→ The data:
- - -

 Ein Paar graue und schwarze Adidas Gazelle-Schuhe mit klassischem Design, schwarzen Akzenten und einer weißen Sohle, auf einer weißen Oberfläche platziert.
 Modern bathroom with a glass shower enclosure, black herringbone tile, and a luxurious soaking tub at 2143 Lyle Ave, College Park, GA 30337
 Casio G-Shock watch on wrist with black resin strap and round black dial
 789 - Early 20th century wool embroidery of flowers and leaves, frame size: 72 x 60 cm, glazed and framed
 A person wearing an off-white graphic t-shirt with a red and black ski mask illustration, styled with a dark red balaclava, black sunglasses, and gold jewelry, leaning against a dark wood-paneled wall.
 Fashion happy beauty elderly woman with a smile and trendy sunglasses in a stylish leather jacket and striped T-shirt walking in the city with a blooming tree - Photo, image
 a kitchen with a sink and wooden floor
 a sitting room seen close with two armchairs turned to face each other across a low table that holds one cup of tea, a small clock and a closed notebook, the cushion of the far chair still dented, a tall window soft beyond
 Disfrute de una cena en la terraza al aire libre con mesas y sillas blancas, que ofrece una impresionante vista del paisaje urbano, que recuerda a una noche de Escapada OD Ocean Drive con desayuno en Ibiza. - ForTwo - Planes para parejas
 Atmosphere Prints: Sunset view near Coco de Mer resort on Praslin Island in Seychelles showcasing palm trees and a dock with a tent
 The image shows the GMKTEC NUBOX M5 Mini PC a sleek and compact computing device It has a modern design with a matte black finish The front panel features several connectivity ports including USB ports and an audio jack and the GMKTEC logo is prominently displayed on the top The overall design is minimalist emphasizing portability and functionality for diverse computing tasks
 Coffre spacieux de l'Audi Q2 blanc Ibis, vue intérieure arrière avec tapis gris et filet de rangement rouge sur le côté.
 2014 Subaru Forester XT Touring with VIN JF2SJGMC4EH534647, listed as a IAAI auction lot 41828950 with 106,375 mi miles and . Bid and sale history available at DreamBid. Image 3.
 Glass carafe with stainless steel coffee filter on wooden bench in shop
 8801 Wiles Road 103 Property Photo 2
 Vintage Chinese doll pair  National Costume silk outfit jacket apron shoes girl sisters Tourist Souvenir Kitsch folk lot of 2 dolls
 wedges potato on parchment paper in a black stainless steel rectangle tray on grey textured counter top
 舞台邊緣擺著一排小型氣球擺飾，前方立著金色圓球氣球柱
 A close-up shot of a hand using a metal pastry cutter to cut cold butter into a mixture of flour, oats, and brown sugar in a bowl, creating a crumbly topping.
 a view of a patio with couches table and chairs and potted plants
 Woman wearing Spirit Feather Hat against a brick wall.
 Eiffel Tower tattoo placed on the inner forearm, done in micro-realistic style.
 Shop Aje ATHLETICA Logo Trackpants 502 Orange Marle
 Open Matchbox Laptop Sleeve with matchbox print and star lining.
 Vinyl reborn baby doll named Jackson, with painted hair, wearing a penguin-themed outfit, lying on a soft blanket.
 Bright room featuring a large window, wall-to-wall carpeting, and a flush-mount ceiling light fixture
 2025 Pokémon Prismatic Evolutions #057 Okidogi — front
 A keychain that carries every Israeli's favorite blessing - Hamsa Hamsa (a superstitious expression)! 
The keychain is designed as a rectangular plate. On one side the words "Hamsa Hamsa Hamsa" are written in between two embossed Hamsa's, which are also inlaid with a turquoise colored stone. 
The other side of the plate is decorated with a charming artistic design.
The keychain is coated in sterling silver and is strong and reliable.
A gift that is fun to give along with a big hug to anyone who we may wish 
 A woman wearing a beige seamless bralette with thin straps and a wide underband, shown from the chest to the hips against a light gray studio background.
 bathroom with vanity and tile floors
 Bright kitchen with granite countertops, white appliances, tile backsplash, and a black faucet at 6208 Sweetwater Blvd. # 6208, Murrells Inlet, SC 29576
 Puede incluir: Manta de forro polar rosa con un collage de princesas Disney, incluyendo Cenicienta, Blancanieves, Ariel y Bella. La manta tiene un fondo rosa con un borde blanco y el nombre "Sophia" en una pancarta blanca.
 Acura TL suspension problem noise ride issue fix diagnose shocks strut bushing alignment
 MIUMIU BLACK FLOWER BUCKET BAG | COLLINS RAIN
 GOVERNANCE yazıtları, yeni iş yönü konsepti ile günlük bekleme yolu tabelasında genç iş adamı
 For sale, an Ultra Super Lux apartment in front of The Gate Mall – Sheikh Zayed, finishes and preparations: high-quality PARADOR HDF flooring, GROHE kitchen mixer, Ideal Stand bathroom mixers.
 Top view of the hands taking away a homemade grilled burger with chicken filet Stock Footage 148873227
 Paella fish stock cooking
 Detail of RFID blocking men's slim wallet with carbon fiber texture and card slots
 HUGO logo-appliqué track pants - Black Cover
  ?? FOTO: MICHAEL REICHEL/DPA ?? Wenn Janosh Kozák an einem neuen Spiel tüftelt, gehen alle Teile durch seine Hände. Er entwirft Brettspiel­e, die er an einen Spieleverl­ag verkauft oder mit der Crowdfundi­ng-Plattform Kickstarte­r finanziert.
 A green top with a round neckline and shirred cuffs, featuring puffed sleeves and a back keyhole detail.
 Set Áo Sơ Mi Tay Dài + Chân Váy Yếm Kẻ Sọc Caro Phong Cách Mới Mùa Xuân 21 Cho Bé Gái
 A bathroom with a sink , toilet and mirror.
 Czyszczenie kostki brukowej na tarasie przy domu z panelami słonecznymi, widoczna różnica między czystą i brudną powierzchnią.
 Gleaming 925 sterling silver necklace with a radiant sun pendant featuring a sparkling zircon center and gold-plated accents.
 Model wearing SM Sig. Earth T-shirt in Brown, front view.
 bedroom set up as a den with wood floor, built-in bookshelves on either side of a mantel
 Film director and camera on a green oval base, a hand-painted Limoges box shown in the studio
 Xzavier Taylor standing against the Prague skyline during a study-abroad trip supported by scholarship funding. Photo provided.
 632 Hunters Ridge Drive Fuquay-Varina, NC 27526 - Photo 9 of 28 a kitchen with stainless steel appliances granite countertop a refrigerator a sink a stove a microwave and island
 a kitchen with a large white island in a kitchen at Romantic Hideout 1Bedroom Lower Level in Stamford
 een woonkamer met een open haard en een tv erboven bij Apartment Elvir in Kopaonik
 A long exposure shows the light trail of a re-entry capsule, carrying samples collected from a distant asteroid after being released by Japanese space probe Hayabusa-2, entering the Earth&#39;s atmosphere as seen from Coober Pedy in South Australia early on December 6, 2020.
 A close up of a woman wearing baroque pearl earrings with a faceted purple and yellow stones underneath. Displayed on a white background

- - -

→ Work item: For this exercise, find all lines in the records containing the word "gold" and copy them.

→ Result of the exercise:
 A person wearing an off-white graphic t-shirt with a red and black ski mask illustration, styled with a dark red balaclava, black sunglasses, and gold jewelry, leaning against a dark wood-paneled wall.
 Gleaming 925 sterling silver necklace with a radiant sun pendant featuring a sparkling zircon center and gold-plated accents.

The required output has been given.